O primeiro deles é o fato de os custos por real emprestado tender a ser maior para pessoas físicas, como usualmente ocorre quando se comparam operações no varejo com operações no atacado. Em segundo, os índices de inadimplência são consideravelmente mais elevados com pessoas físicas em relação as pessoas jurídicas. Por ultimo, o mercado que atende as pessoas jurídicas detém maior concorrência e em decorrência do binômio oferta e procura, imprescindível se torna a apresentação de propostas mais atrativas a estes clientes mais concorridos
Entretanto, temos que não se deve apenas às instituições financeiras as altas taxas de juros repassadas aos consumidores. O spread bancário é constituído pelo lucro do banco, taxas referentes à inadimplência, tributos e outros encargos, restando que o spread não reflete diretamente o lucro obtido pelos bancos.
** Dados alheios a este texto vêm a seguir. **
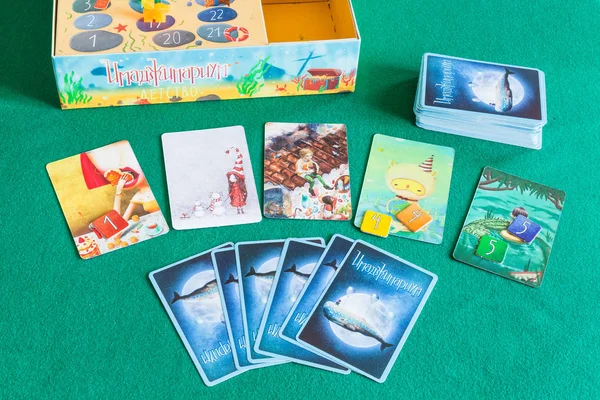 Imaginarium game items on green baize table — Stock Photo, Image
O Estado deve intervir de forma direta na formação das taxas de juros, sendo que a liberdade de contratar é limitada pelos ditames dos princípios balizadores dos interesses públicos.
As taxas de juros elevadas influenciam diretamente na economia do nosso país. Com o aumento da Selic pelo Banco Central as instituições financeiras elevam suas taxas cobradas aos clientes. Os consumidores, por sua vez, em decorrência do credito caro, não têm acesso facilitado ao dinheiro, deixando assim de consumir. Com a diminuição do consumo, as indústrias diminuem a produção, quedando o um resfriamento na economia nacional.
O nosso país detém o indigno título de país com a maior taxa de juros do mundo. O Copom (Comitê de Política Monetária do Banco Central), órgão instituído em junho de 1996 para estabelecer as diretrizes da política monetária e definir a taxa de juros, em reunião em 17 de março do corrente ano, decidiu manter a taxa básica de juros (a Selic) em 8,75% ao ano.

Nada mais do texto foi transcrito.